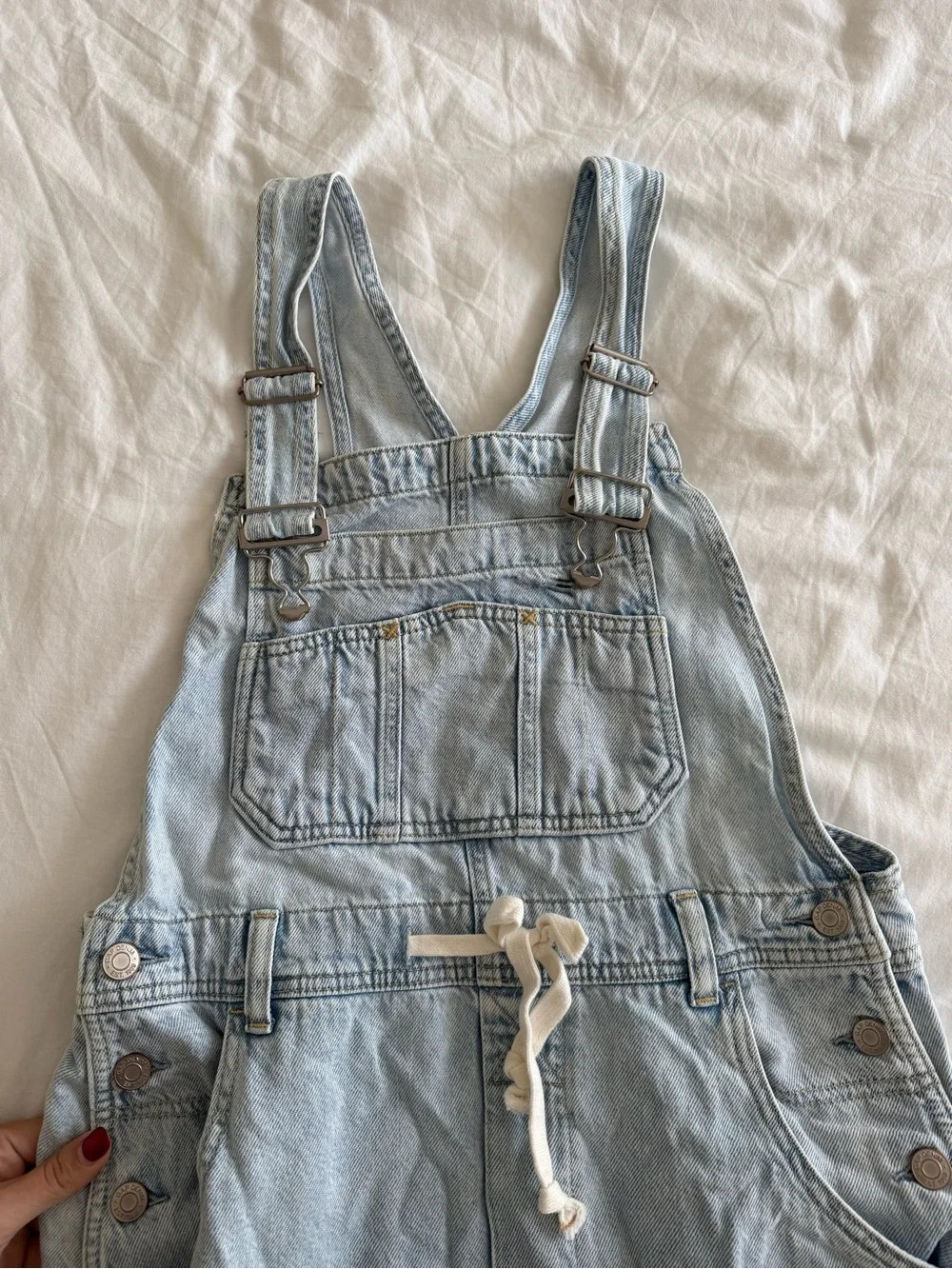 GAP Light Wash Wide-Leg Denim Overalls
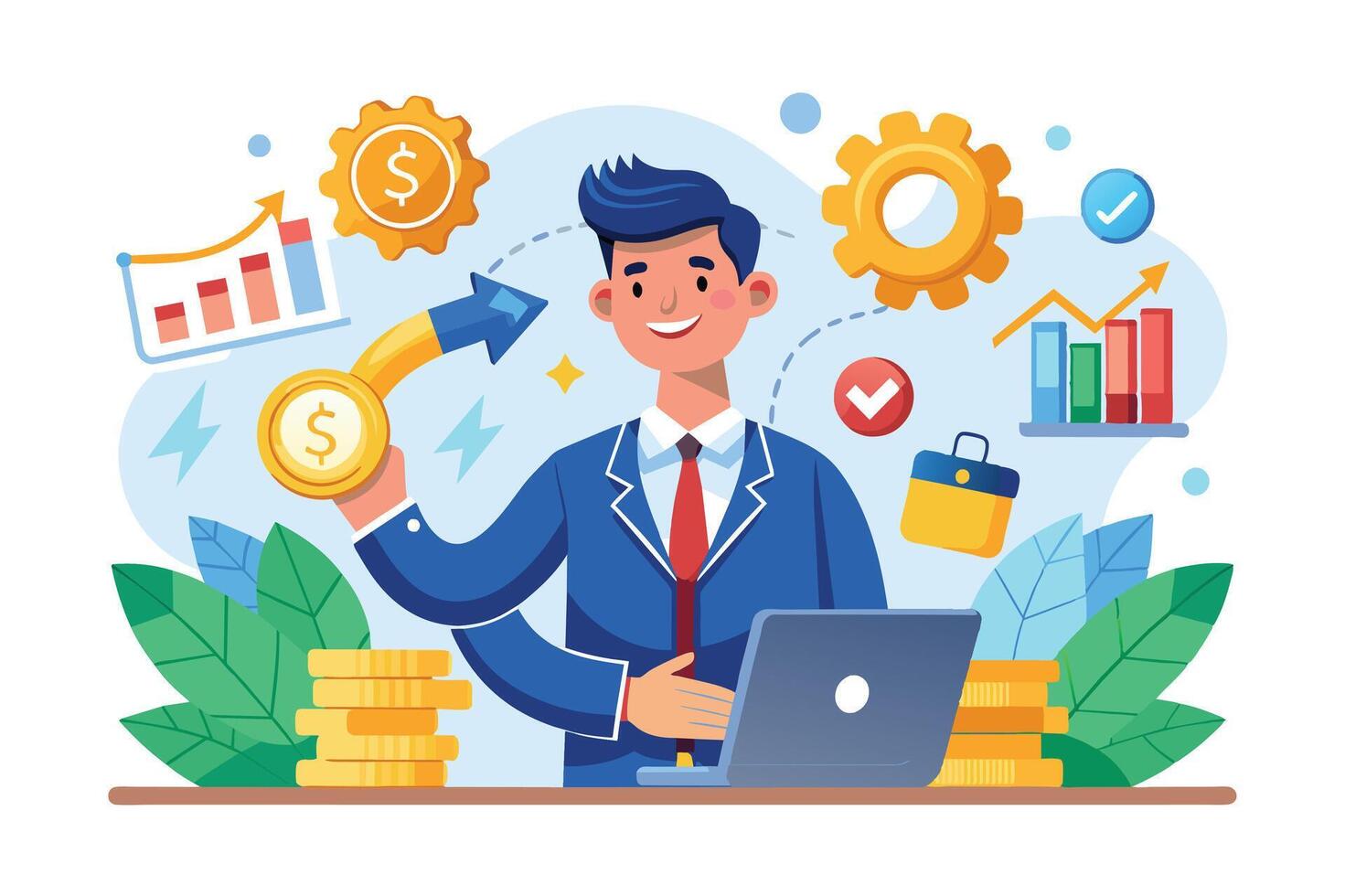 A happy businessman working on his laptop, surrounded by positive financial indicators and symbols of success, showcasing his ability to manage and grow his business effectively. vector
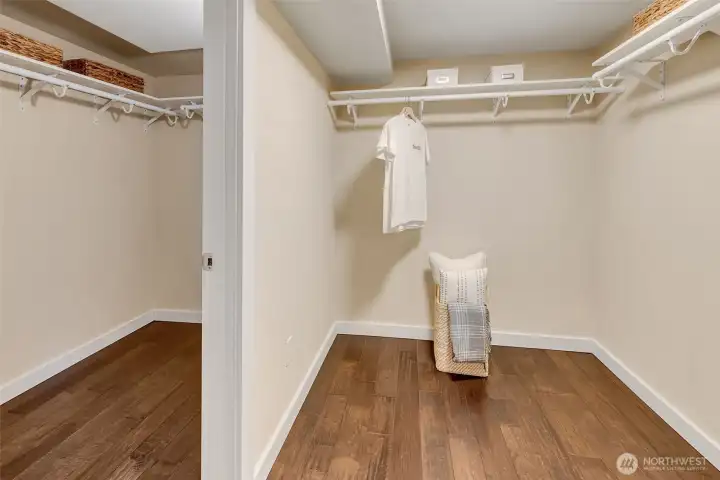 Two large walk-in closets off the primary suite. Ready for your custom closet design!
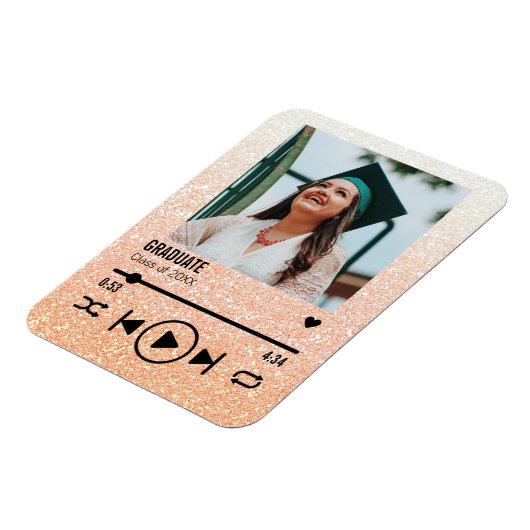 Aangepast Roos Gold Afstuderen Fotolijst Magneet (Linkerzijde)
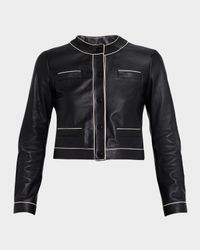 Cropped Contrast-Trim Leather Jacket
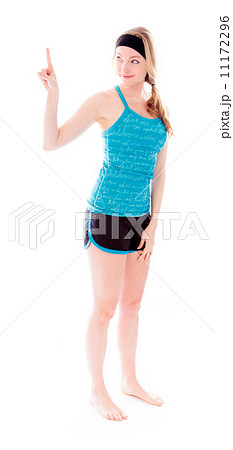 Young woman using touch screen isolated on white background Young woman using touch screen isolated on white background 11172296
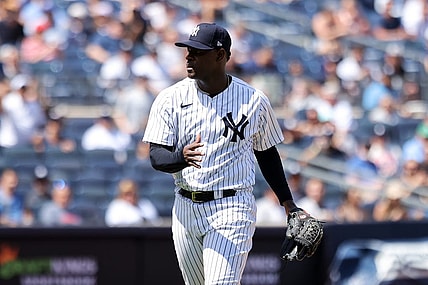 Jun 4, 2022; Bronx, New York, USA; New York Yankees starting pitcher Luis Severino (40) reacts to a strikeout to end the sixth inning against the Detroit Tigers at Yankee Stadium. Mandatory Credit: Jessica Alcheh-USA TODAY Sports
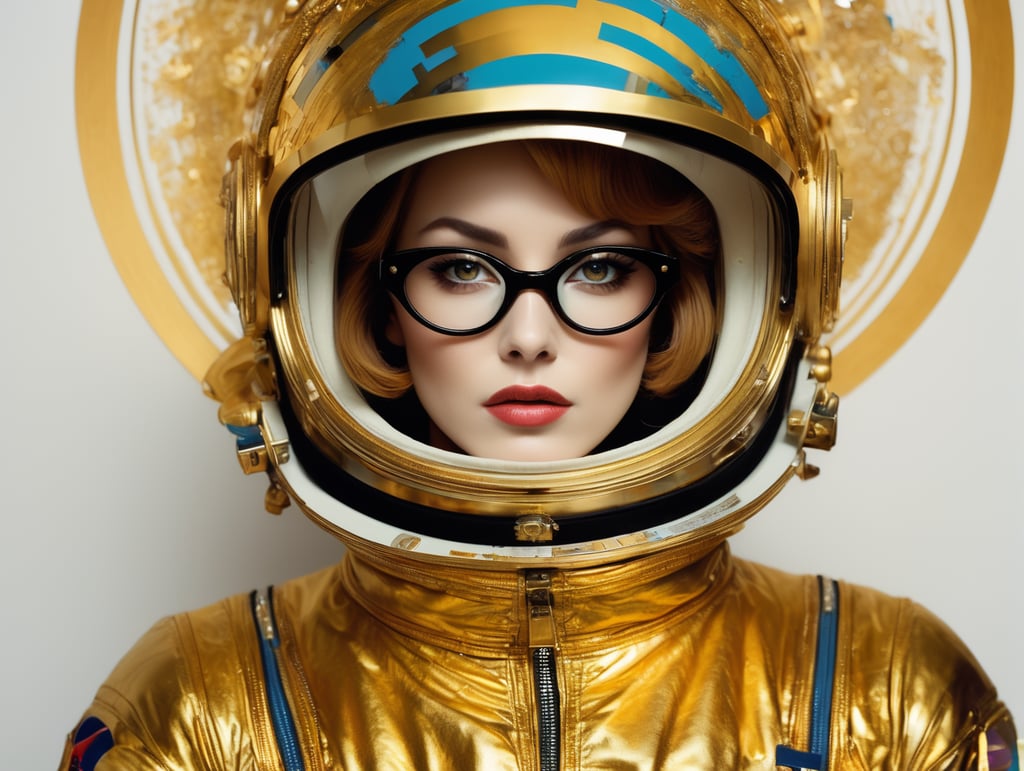 In 1998, abstract fashion photography captured a 1960s astronaut woman in a gold spacesuit with a large helmet and glasses. The art, created by Victor Moscoso and Bridget Riley, used Kodak Ektar 100 film. Carne Griffiths added a touch of magic with fluid art, while artists like Conrad Roset, Ilya Kuvshinov, Mark Fielding, and Zwy Studio emphasized high lights in the eyes. Sergio Lopez and Natalie Shau also contributed to the artwork.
= = = =
_EXERCISE DESCRIPTION:_ Set down the records above exactly as written, beginning with the first line and ending with the line that contains "white background 11172296", and do not include pictures.

_RESPONSE FOR THIS EXERCISE:_
 GAP Light Wash Wide-Leg Denim Overalls
 A happy businessman working on his laptop, surrounded by positive financial indicators and symbols of success, showcasing his ability to manage and grow his business effectively. vector
 Two large walk-in closets off the primary suite. Ready for your custom closet design!
 Aangepast Roos Gold Afstuderen Fotolijst Magneet (Linkerzijde)
 Cropped Contrast-Trim Leather Jacket
 Young woman using touch screen isolated on white background Young woman using touch screen isolated on white background 11172296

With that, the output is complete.